Fundo Municipal de Sustentabilidade Ambiental e Urbanística

Até 31 de agosto de 2024, os municípios devem constituir, por regulamento, um fundo municipal de sustentabilidade ambiental e urbanística, ao qual são afetas receitas resultantes da redistribuição de mais-valias originadas pela edificabilidade estabelecida em plano territorial, com vista a promover a            mitigação e adaptação do território às alterações climáticas, a reabilitação urbana, a habitação a custos acessíveis, a eficiência energética e eficiência hídrica, a sustentabilidade dos ecossistemas e a prestação de serviços ambientais, sem prejuízo do município poder afetar outras receitas urbanísticas a este fundo, com vista a promover a criação, manutenção e reforço de infraestruturas, equipamentos ou áreas de uso público.»

Artigo 4.º

Entrada em vigor

A presente lei entra em vigor nos 60 subsequentes à respectiva publicação em Diário da República.
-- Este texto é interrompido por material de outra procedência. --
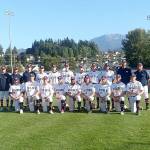 The Wilder Senior baseball club receives its championship trophy Sunday night at Civic Field after beating the Riverdogs 10-0 in the title game. Wilder went 6-0 in the Dick Brown Memorial Firecracker Classic. (Pierre LaBossiere/Peninsula Daily News)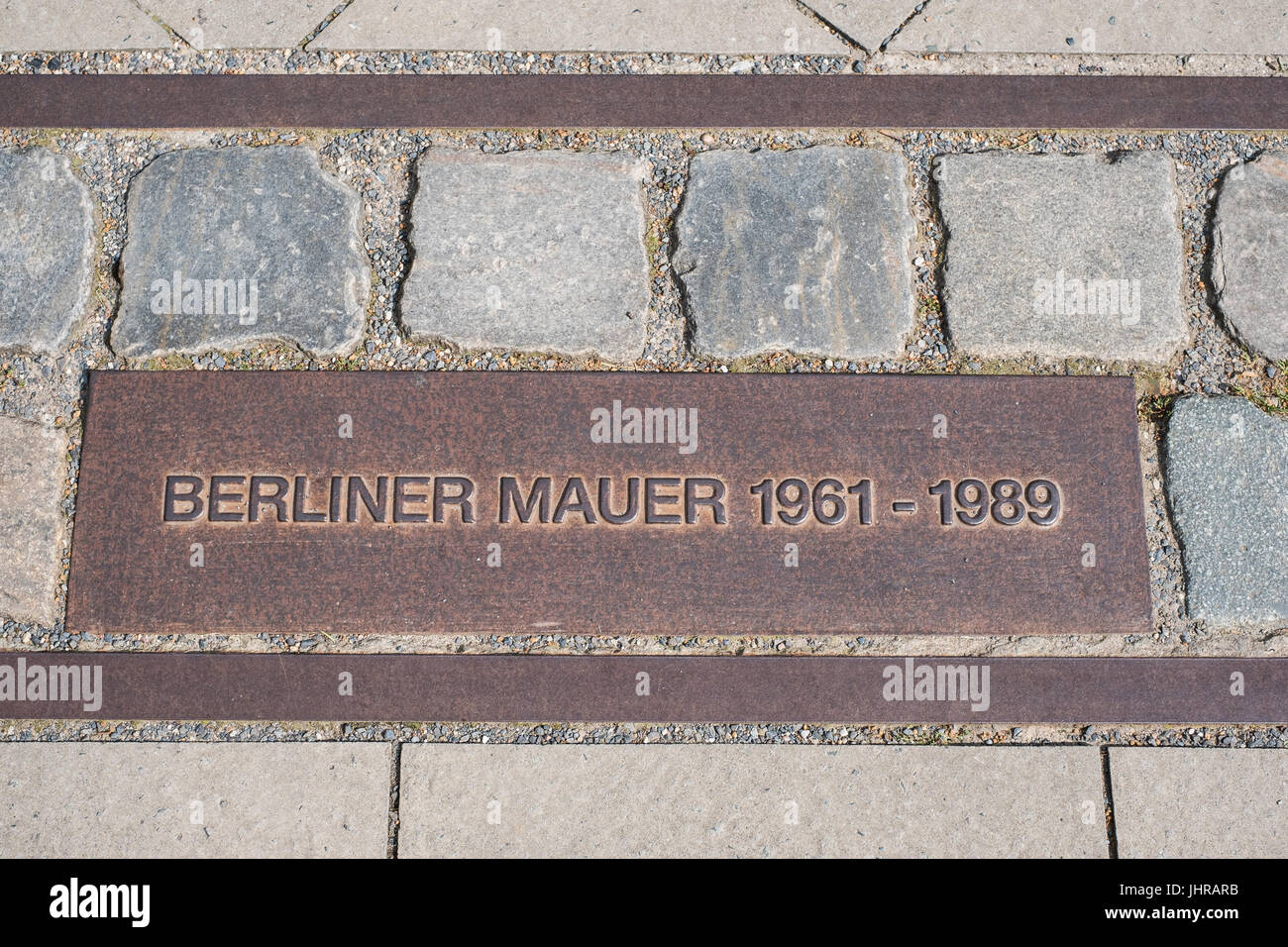 Berlin, Germany - July 13, 2017: Berliner Mauer ( Berlin Wall) / memorial on sidewalk   at Bernauer Strasse in Berlin, Germany. Stock Photo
Assembleia da República, Palácio de São Bento, 2 de Dezembro de 2022

A Deputada,

Inês de Sousa Real


[1] O modelo que propomos inspira-se no projecto CityRAP, que foi adoptado em 30 cidades de 11 países africanos e em Amã (onde, por exemplo, permitiu assegurar uma intervenção nos pavimentos da cidade nas redondezas das escolas, porque surgiu a denúncia de que o mesmo era demasiado escorregadio em dias de chuva) e nos exemplos das cidades de Reykjavík (onde o equivalente ao plano director municipal foi feito com base num fórum de consulta composto por eleitos locais, funcionários da autarquia e residentes) e de Düsseldorf (onde, sem esta lógica estrutural, se procura fazer workshops, formações e fóruns de discussão em zonas específicas da cidade por forma a assegurar um planeamento adaptado às necessidades das populações).